## Raw data
- - -

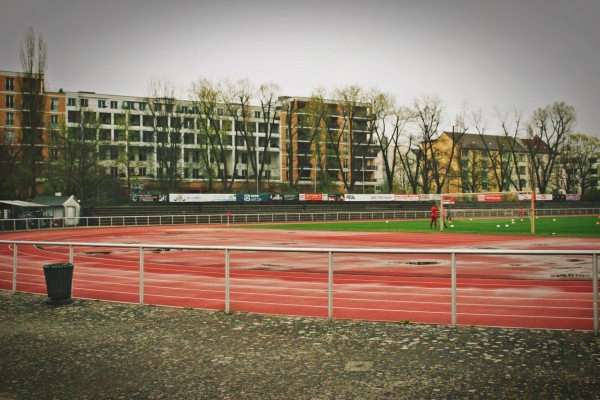 Willy-Kressmann-Stadion - Berlin-Tempelhof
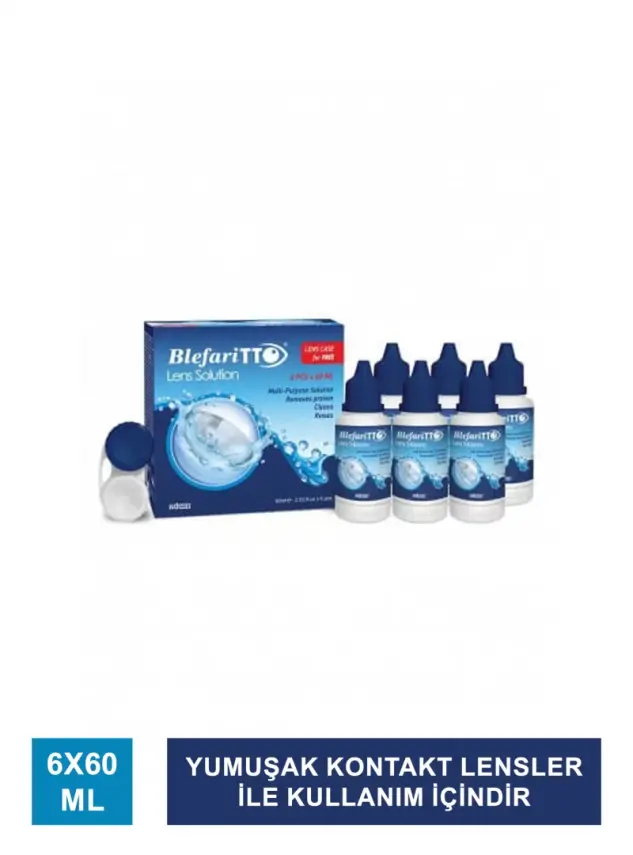 BlefariTTO Lens Solüsyonu 6×60 ml - 1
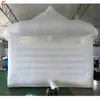 Commercial Giant White inflatable wedding bouncer Outdoor Games Activities bouncy castle adult beautiful bounce house inflatable b289T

- - -

## What the task requires
What is needed is an exact repeat of only the lines from the one containing "BlefariTTO Lens Solüsyonu 6×60 ml - 1" through the last line of the listing above, both ends included, without the pictures.

## Solved problem
 BlefariTTO Lens Solüsyonu 6×60 ml - 1
 Commercial Giant White inflatable wedding bouncer Outdoor Games Activities bouncy castle adult beautiful bounce house inflatable b289T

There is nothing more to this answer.